II.  Substantial Risk of Serious Harm

17      Gregory next asserts the County failed to prove Gregory “is so totally incapable of providing for his … own care or custody as to create a substantial risk of serious harm to himself ....”  See Wis. Stat. § 55.08(1)(c).  He argues that Altepeter failed to specifically opine Gregory was “so totally incapable of providing for his own care or custody as to create a substantial risk of serious harm to himself.”  See Therese B., 267 Wis. 2d 310, ¶13 (medical or psychological opinion needed on each element).  He also contends that Altepeter lacked current information about whether Gregory was using alcohol or drugs and there was no evidence that Gregory’s microwave fire posed a danger to anyone. 
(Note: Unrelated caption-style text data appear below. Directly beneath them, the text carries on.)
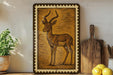 a framed illustration of a gazelle or antelope, which is the central focus of the scene. The gazelle is depicted in a detailed and realistic manner, with its distinctive curved horns and elegant posture. The gazelle is surrounded by various kitchen utensils and items, such as a wooden cutting board, a knife, a spoon, and a bowl. Additionally, there are some lemons placed nearby, adding a touch of color and freshness to the scene.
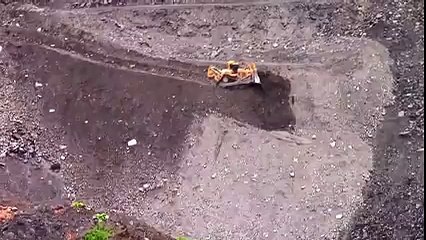 SIDE SLOPING – This driver has the most dangerous job in the world!
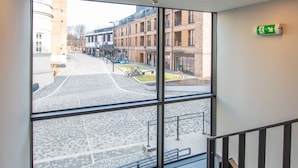 A modern interior with large windows, a staircase, and a view of the street outside. - City Lights Apartments (Kraków)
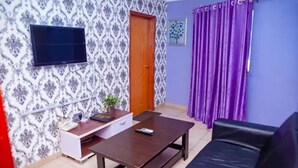 A room with a patterned wallpaper, a television mounted on the wall, a wooden table, a black sofa, and a purple curtain. - The Kings Hotel and Suites  (Ibadan)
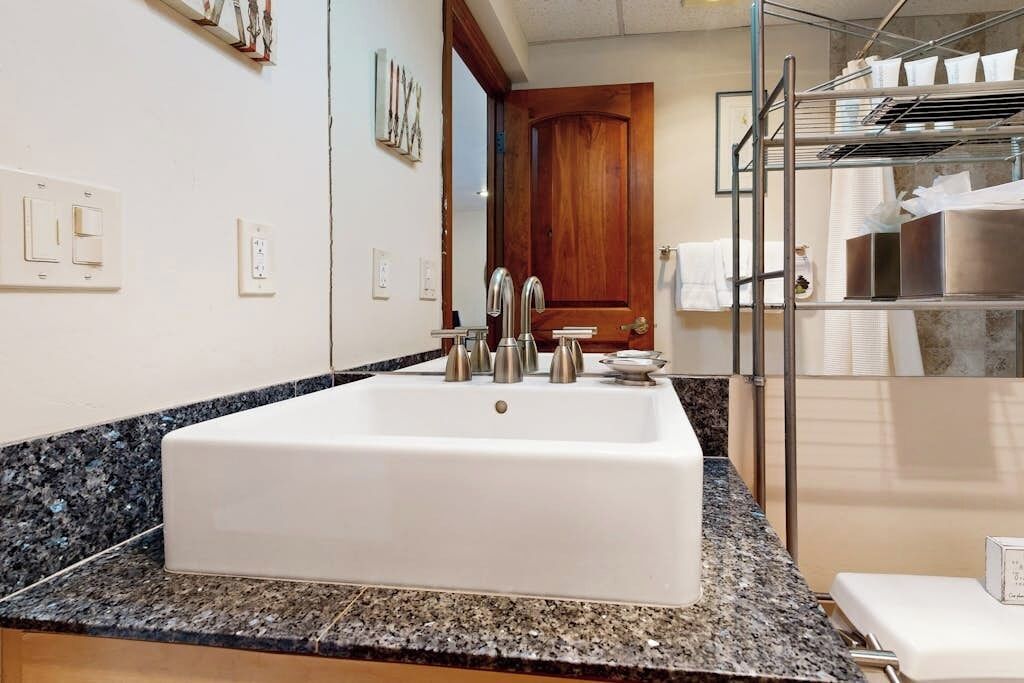 Une salle de bain avec un grand lavabo blanc, un comptoir en granit et une porte en bois.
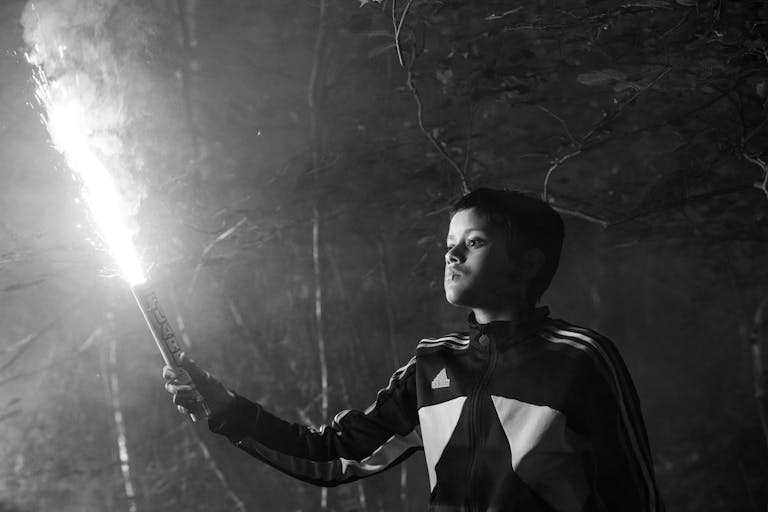 boy holding flare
18      We conclude that, although Altepeter never explicitly opined Gregory “was so totally incapable of providing for his own care or custody as to create a substantial risk of serious harm to himself,” his testimony nevertheless supports that determination.  Specifically, Altepeter testified that to maintain Gregory’s safety he needed to be under twenty-four-hour supervision.  Altepeter explained Gregory was not capable of adequately providing for his own care and custody because of his substance abuse, cognitive limitations, memory deficits, and lack of problem-solving skills.  Gregory has suffered three significant head injuries in the past two to three years, and the resulting trauma, as well as substance abuse, caused his current dementia.  On appeal, Gregory concedes “there [is] no dispute … his accidents related to the use of alcohol.”  Altepeter expressed concern that because of Gregory’s “substantial history of alcohol and drug abuse and probably dependence,” there was a “risk [he] would … try to seek those substances.”  He warned that further substance abuse or head trauma would worsen Gregory’s dementia. 

19      The record adequately supports the conclusion that Gregory is so totally incapable of providing for his own care or custody as to create a substantial risk of serious harm to himself.  Although Altepeter did not know whether Gregory was using alcohol or drugs at the time he was detained, “the [protective placement] statute does not require that dangerousness be proven by recent acts or omissions.”  See K.N.K. v. Buhler, 139 Wis. 2d 190, 203, 407 N.W.2d 281 (Ct. App. 1987).  We agree with the circuit court that “his history of drug and alcohol abuse and his injuries related to that abuse and the relative recent past [show] that he is at this time a danger to himself.” 

            By the Court.—Order affirmed.

            This opinion will not be published.  See Wis. Stat. Rule 809.23(1)(b)4.

 

 

 


 



[1]  This appeal is decided by one judge pursuant to Wis. Stat. § 752.31(2).  All references to the Wisconsin Statutes are to the 2009-10 version unless otherwise noted.